You can track as many different sites as you want on one Goatcounter instance. If you want each site to have its own "analytics home page" then I think that's what the "child sites" feature is for.

When martin said:

The same GoatCounter is accessed on different domains: e.g. stats.example.com, other.mysite.com, etc. You need to access the correct domain to access the correct site.

They were kinda assuming that you already understand how DNS / subdomains / virtual hosts work. The jist is, domain names and digitalocean droplets are two completely separate things. Also, not all domain names are the same. There are two different kinds.

First of all there are the "2nd level domain" names like mysite.com. They are called second level because they have two levels, the top level domain (TLD) like .com and the second level mysite, the part you register. These are domains you have to pay for, they are essentially just line-items in the database of a public trust institution called a DNS registrar, similar to a Bank.

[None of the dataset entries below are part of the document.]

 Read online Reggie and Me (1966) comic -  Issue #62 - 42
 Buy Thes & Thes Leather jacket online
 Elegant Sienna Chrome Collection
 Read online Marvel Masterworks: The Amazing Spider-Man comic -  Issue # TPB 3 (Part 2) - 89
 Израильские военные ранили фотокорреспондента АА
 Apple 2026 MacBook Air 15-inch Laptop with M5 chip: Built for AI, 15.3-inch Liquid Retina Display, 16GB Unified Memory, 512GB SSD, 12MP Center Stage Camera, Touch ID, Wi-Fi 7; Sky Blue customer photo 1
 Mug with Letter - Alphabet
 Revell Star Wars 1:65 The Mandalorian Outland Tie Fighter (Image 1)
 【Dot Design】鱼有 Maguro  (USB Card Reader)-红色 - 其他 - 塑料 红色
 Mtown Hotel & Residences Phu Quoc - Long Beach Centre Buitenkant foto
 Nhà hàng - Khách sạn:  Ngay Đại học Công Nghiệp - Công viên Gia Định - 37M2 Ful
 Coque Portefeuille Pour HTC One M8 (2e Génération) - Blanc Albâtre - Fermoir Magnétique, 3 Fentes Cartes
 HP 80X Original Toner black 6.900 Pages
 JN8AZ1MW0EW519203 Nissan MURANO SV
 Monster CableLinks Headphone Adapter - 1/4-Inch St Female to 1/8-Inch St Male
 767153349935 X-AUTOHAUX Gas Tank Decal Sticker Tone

Then there are the "subdomains" like goatcounter.mysite.com, and foosite.goatcounter.mysite.com. Do you see where we're going with this? You can create as many subdomains as you want for free once you have a 2nd level domain registered. They can be nested as deep as you want too, like a.b.c.d.mysite.com. Typically you do this by logging into your DNS provider's web management portal and navigating to the "manage DNS records" section (sometimes they hide it under "Advanced" 😫 ). Then you would create A Records with names like goatcounter and foosite.goatcounter and for the value, you would put the IP address of your digitialocean droplet. Those A records will create the subdomains goatcounter.mysite.com, and foosite.goatcounter.mysite.com. Then you can create the corresponding "child sites" in goatcounter with the same domain names. You may also have to configure each child site subdomain in your reverse proxy & obtain a TLS certificate for each one.

Another option which I decided to use, you can put the domain name (or a shortened alias for the domain name) into the "path" property of the events you send to Goatcounter. One single goatcounter site is not designed to be used on multiple domains yet but you can use a bit of a "hack" to make it work by prepending the domain name onto the URI. (By default goatcounter use the URI as the aggregation key).

There is an example of how to do this one the "site code" page of your goatcounter instance:

Multiple domains

GoatCounter doesn’t store the domain a pageview belongs to; if you add GoatCounter to several (sub)domain then there’s no way to distinguish between requests to a.example.com/path and b.example.com/path as they’re both recorded as /path.

This might be improved at some point in the future; the options right now are:

Create a new “additional site” for every domain; this is a completely separate site which inherits the user, login, plan, etc. You will need to use a different site code for every (sub)domain.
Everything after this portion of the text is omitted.